WASHINGTON — Congressional aides and a senior administration official say the White House and congressional Democrats have reached an agreement in principle to speed $15 billion in government loans to struggling U.S. automakers.
The plan could see a vote as early as today. It creates a government “car czar,” to be named by President George W. Bush, to oversee the bailout billions and an auto industry restructuring. The czar would have to yank back the federal money if carmakers didn’t do enough to reinvent themselves.
The measure is not final and could still face obstacles from congressional Republicans, who have not approved it.
Republicans also were demanding — so far unsuccessfully — that Democrats scrap language that would force the carmakers to drop lawsuits challenging tough emissions limits in California and other states.
“There do not appear to me to be differences in principle of a sufficient nature to blow this thing up,” Rep.
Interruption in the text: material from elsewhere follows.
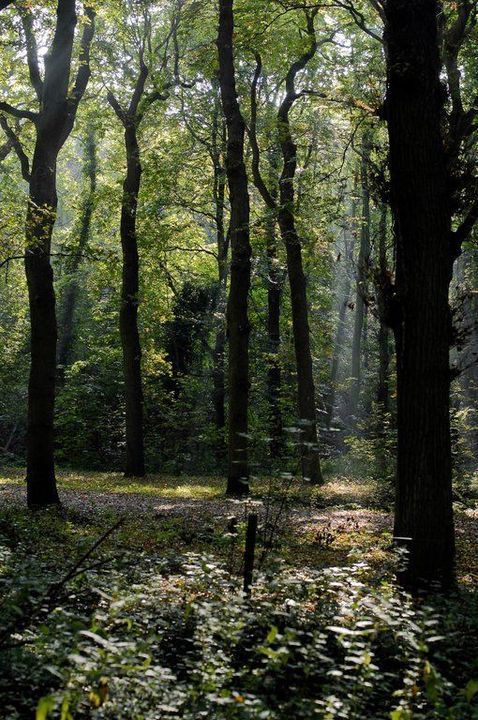 Zwartelaan 1, Oostvoorne foto-24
Barney Frank, D-Mass., the Financial Services Committee chairman, told reporters.
Democrats and White House officials hammered out legislative language behind the scenes.
Even with a deal struck, though, conservative Republicans who want to force one or more of the Big Three into bankruptcy warned they might try to block the measure, virtually guaranteeing that it will need a 60-vote majority to pass and possibly delaying approval for days.
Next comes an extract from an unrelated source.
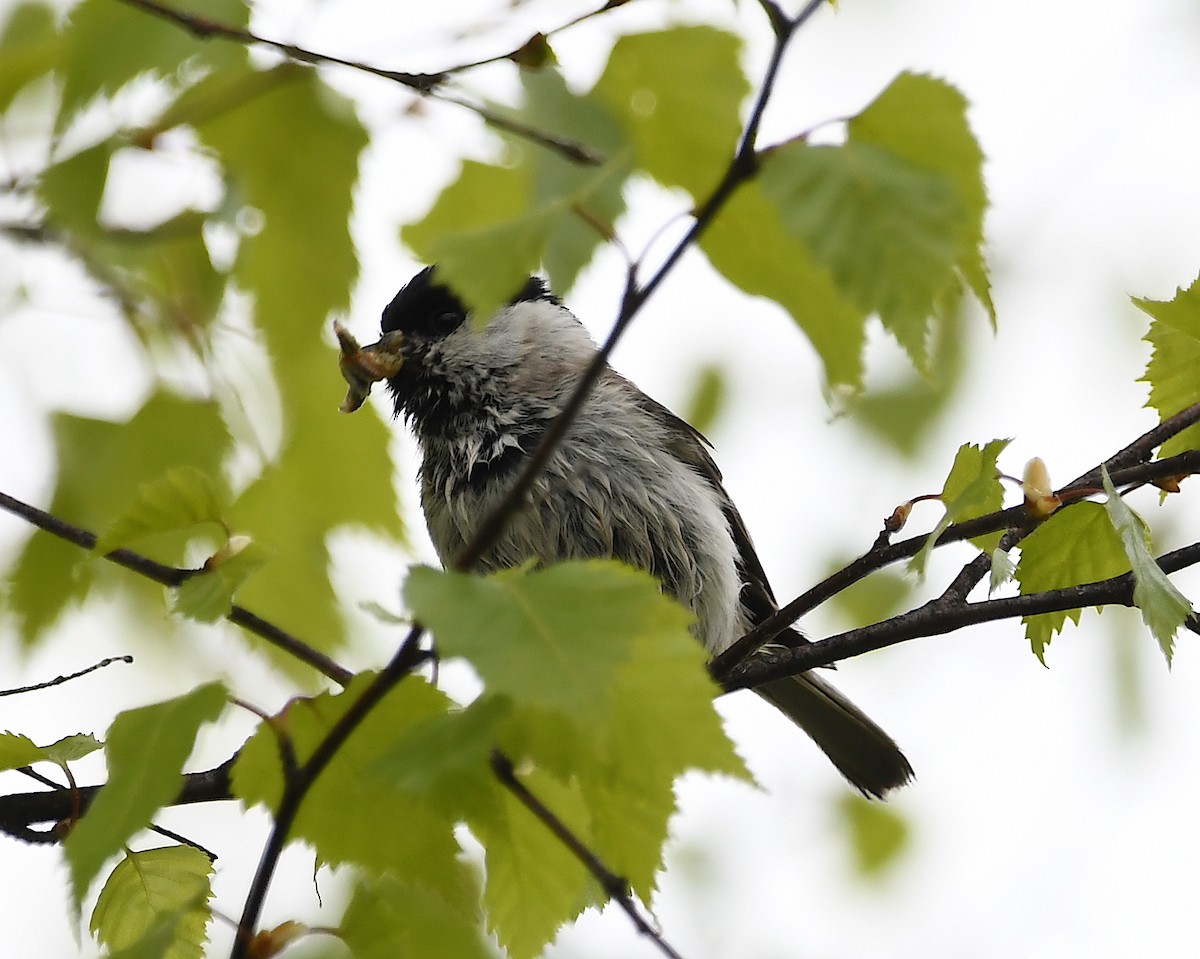 Willow Tit - Василий Калиниченко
The core of the bill — and its aim — was not in dispute among the White House and Democratic leaders. It would provide emergency loans to two of Detroit’s Big Three — Ford Motor Co. has said it doesn’t need an immediate cash transfusion — and create the presidentially named car czar. The federal overseer would supervise a broad industry restructuring and would be empowered to pull the money back if the carmakers weren’t doing enough to ensure their own survival.